RECORDED DATA
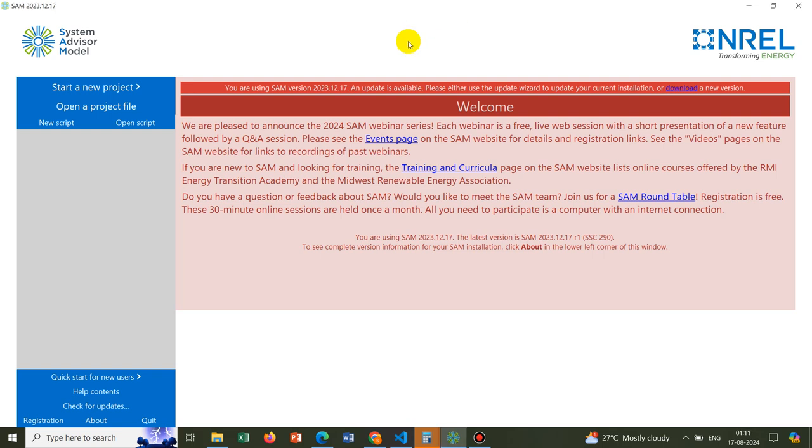Hello friends, welcome to Pioneer of Success. We are starting a new tutorial series on System Advisor Model.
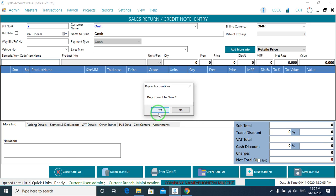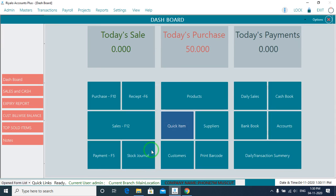When the customer is purchasing an item and they are giving it back, just do the sales return and it will be fine.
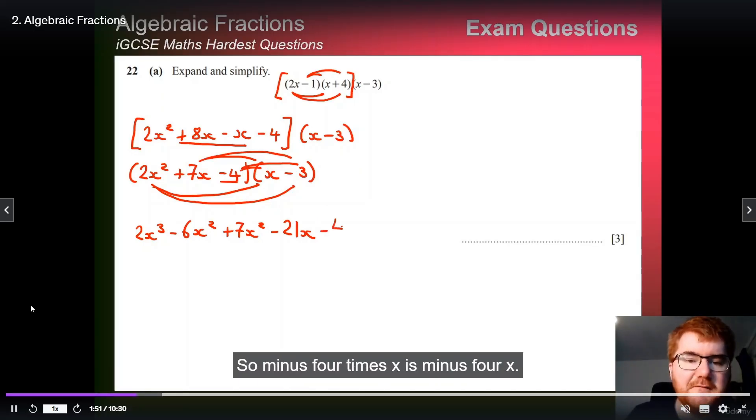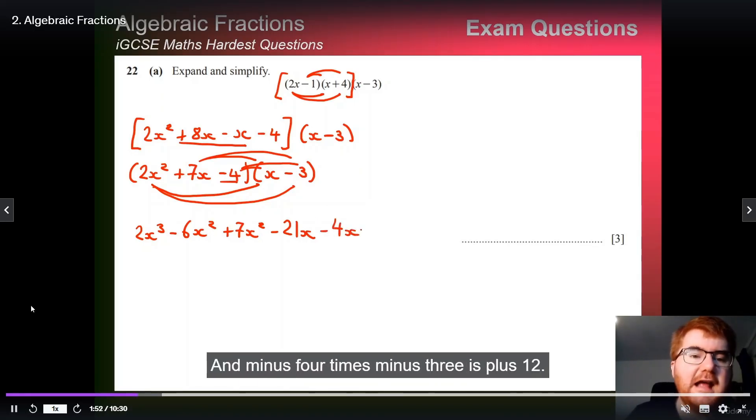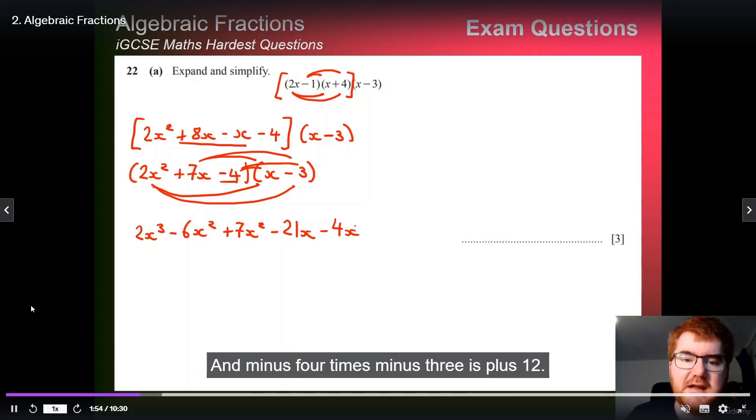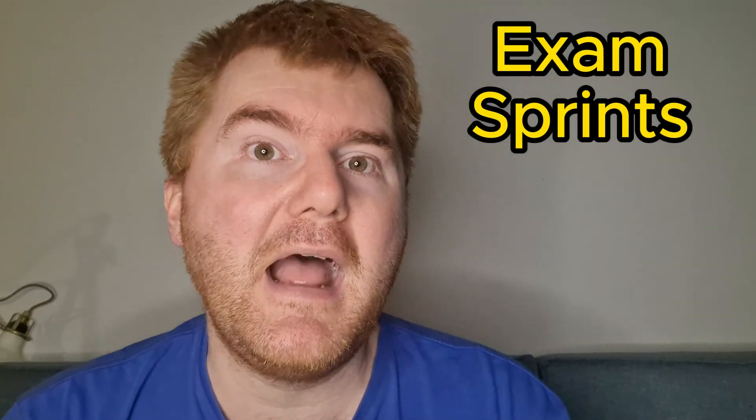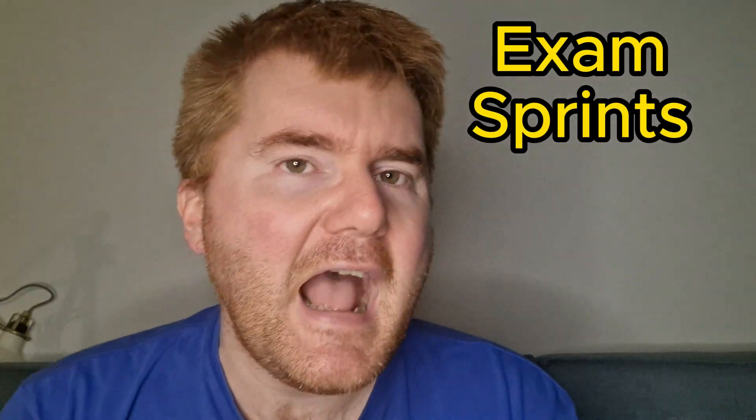I've had lots of requests about the 2025 changes, specifically the non-calculator. If you're interested in some products about the non-calculator — these exam sprints — I'll put the link in the description below as well.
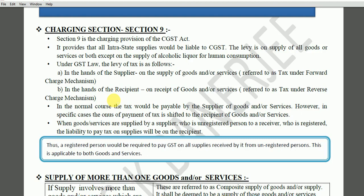Section 9 is the charging provision of the CGST Act. It provides that all intrastate supplies would be liable to CGST. The levy is on supply of all goods or services or both, except supply of alcoholic liquor for human consumption. Under GST law, the levy of tax is as follows: in the hands of the supplier on supply of goods and services — referred to as tax under the forward charge mechanism; in the hands of the recipient on receipt of goods and services — referred to as reverse charge.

WHAT THE TASK REQUIRES
Skipping the pictures, transcribe each line above exactly as it appears.

EXERCISE ANSWER
Hello friends, welcome to Pioneer of Success. We are starting a new tutorial series on System Advisor Model.
When the customer is purchasing an item and they are giving it back, just do the sales return and it will be fine.
I've had lots of requests about the 2025 changes, specifically the non-calculator. If you're interested in some products about the non-calculator — these exam sprints — I'll put the link in the description below as well.
Section 9 is the charging provision of the CGST Act. It provides that all intrastate supplies would be liable to CGST. The levy is on supply of all goods or services or both, except supply of alcoholic liquor for human consumption. Under GST law, the levy of tax is as follows: in the hands of the supplier on supply of goods and services — referred to as tax under the forward charge mechanism; in the hands of the recipient on receipt of goods and services — referred to as reverse charge.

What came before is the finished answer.